Tuesday, May 08, 2007

Teen Drinking, Sex, Curfews, and Partying. (What we do...)

A few days ago, I posted 10 hypothtical questions to my faithful readers, asking what you would do in particular situations with teens regarding tough issues, like drinking, sex, parties and curfews. I was waaaay impressed with some of the thoughtful answers I received. Thanks!

As promised, here is what we did. As I often tell my kids, I have no idea whether we're doing this parenting thing correctly, or even well at all. But I have to believe that the fact that our kids are honest with us, choose to spend time with us, and care what we think is a good indicator. My biggest hope is that they make it to 25 without any major incidents -- which is why we basically only have Two Big Rules. But, as you can tell, there are a whole lot more than two situations that need our attention and our attempts at good parenting... whatever THAT is!

1.) Your boy/girl twin 17 1/2 year olds ask if they can have a few friends over for hot-tubbing, movie watching and a marshmallow roast at your fire pit. "And drinking?" you ask. "Any plans for drinking?" They know that you know that teens (even those who probably aced their SATs that morning) drink. They know that you don't like it. "Likely," they answer. But it's not a drinking party. It's a get together with maybe some drinking." We can either get together here or at someone else's house. You, the parents, are home. How do you answer your kids' question?

We allowed a total of about 10 friends -- although my guess is that at one point there were more like 15 or 20. The group spent a good deal of time around the bonfire outside. We didn't "check on them," except to monitor the noise level out of consideration of our neighbors. We gave permission for friends to spend the night as long as their parents were aware of where they were. I asked that all indications of any get-together (trash, food, etc.) be cleaned up by morning, and it was.

2.) Your 19-year-old son has been going out with someone for over a year. You adore her. He loves her. You know they're having sex, but you haven't had any in-depth conversations with him/them about it. One morning, when you're up early, you see them at the door. She's quietly leaving. Do you say something? What do you say? To whom?

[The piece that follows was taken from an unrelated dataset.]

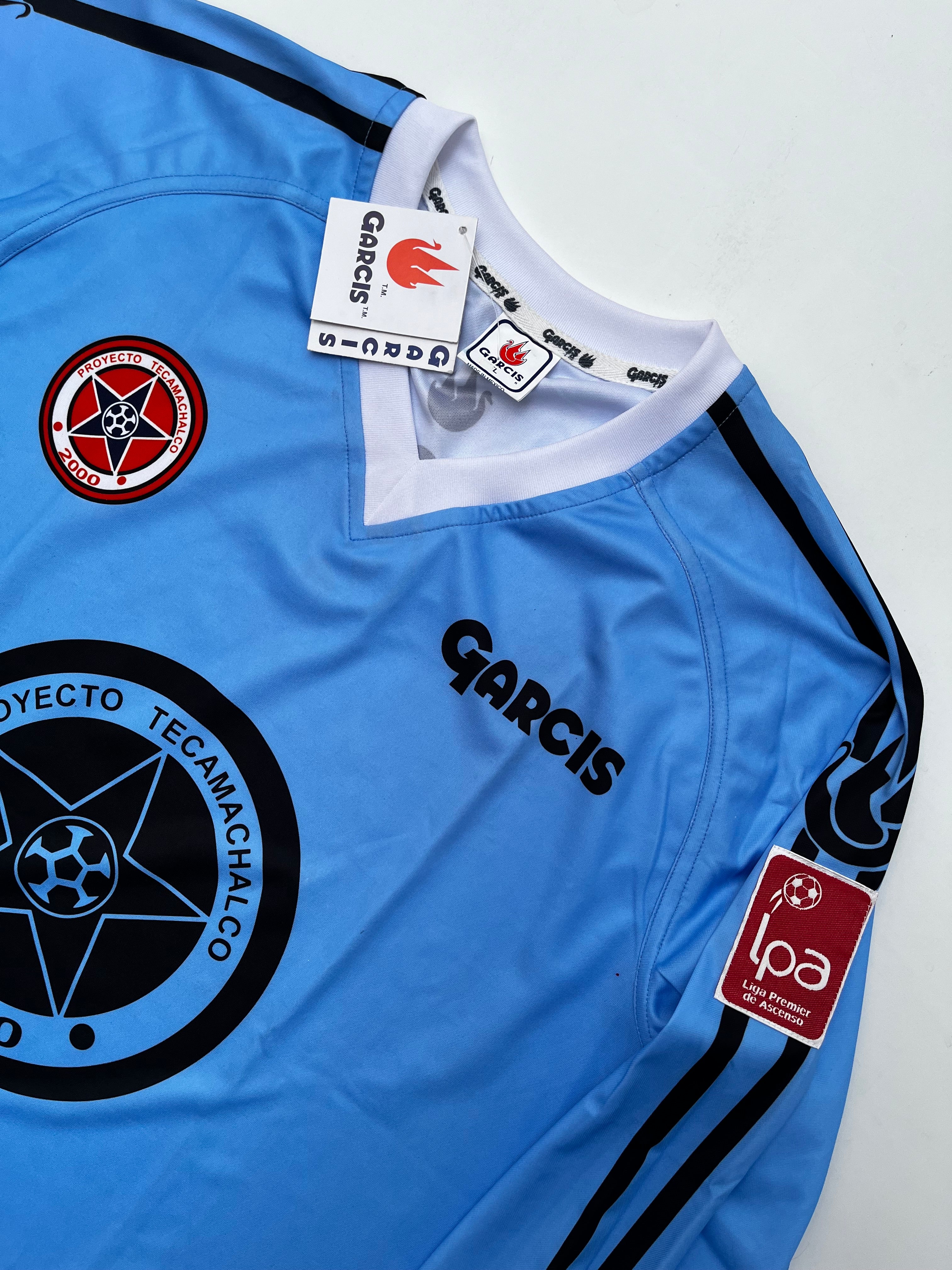 Jersey Tecamachalco Portero 2011 2012 (L)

This whole situation just felt silly at that point and that morning I just told them that I was making breakfast and to stick around and join me -- which they did. From then on, they neither snuck nor flaunted. Her family lives just a few blocks from us, her parents are our friends, and all six of us have discussed the issue and agreed that it's "no big deal" if they're sleeping together, as they are obviously committed and in love and being smart regarding birth control. Because she bought a queen-size bed, though, they're hardly ever here anymore! They're now 20, have been together for over three years, both go to school full-time and work close to full-time and the last thing they need is to "have to" get an apartment that they can't afford in order to be together. This way, they can concentrate on school and know that they have a roof -- no, two -- over their heads and parents who put more emphasis on their long-term goals and schooling than on whether or not they're sleeping together. It just felt like the most honest way to go about it.

3.) Your 22-year-old invites her younger siblings, all over 17 but under 21, to a "formal cocktail party" at her house. How do you handle the situation?

We allowed them to go, asked our oldest daughter to "keep an eye on them," and insisted that they spend the night.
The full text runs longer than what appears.